A whole new level of confounding came in when I would flip to the end of the Gospels and expect to find the resurrection. It seemed like every Gospel should clearly begin with Mary’s pregnancy or Jesus’ birth and end with an empty tomb and an angel proclaiming,

“He is risen!”

to which the disciples responded, “He is risen indeed! Alleluia!”

The End.

Tidy.

Instead, when we open the Gospel accounts we actually find more to the story.

We find a whole lot of life…after the Resurrection.

Feel free to open your Bibles to the Gospels with me as we go through an overview of the final chapters of each one — Matthew, Mark, Luke, and John — to see all the Life.

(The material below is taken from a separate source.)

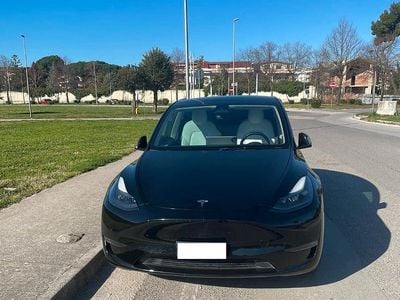 Usata Tesla Model Y Long Range AWD 378 kW (514 CV) 2022 Nero SUV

Matthew keeps it pretty neat. In the last chapter of Matthew, Matthew 28, we find a brief resurrection narrative witness. Then we get a little bit more in the form of an interchange between the Romans guards, who witnessed the resurrection reality that was Jesus of Nazareth, and the Jewish leaders who paid them to spread a lie that the disciples stole the body to make it look like resurrection. (Wow. Just wow.) Then Matthew also shares an account of the disciples receiving the Great Commission from the Risen Christ. So, it doesn’t really end with the resurrection at all. It concludes with a mountaintop, eleven guys worshiping, and the Resurrected Jesus teaching.

Mark, who I like to call the fast-forward Gospel writer, doesn’t end with the resurrection either even though He likes to keep things relatively short and succinct. Mark’s final chapter, Mark 16, has the account of Christ’s resurrection, actually two accounts of Christ’s resurrection, then adds a very brief, two-verse, account of Jesus’ appearance to two disciples in particular, and his own witness of the Great Commission.

Luke does not disappoint with his last chapter, Luke 24, dedicated to Christ’s resurrection followed by the witness of the account of the Risen Jesus on the road to Emmaus, Jesus appearing yet again to teach His disciples, and the Ascension, when Jesus returns to heaven. If you didn’t have the crucifixion and death of Jesus in Luke 23 preceding, these accounts would look a whole lot like life as usual.

We can’t forget John, the beloved disciple. John blesses us with not one chapter of post-resurrection witness, but two. John 20 holds two accounts of the resurrection itself, followed by Jesus’ tender interactions with Thomas and His disciples, a proclamation that Jesus did way too much to even try to write down, and then John continues into John 21 with what I lovingly like to think of as “Life’s a Beach with Jesus!”

John ends his gospel with one of the verses that makes me particularly fond of him, John 21:25 —

 Now there are also many other things that Jesus did. Were every one of them to be written, I suppose that the world itself could not contain the books that would be written.

John wants to assure us that this isn’t the whole story, again. John is likely referring to the entirety of Jesus’ time here on earth, but because he repeats it twice, earlier in John 20:30-31 and here in John 21:25, I am prone to believe that he is also applying this to the Resurrected Jesus.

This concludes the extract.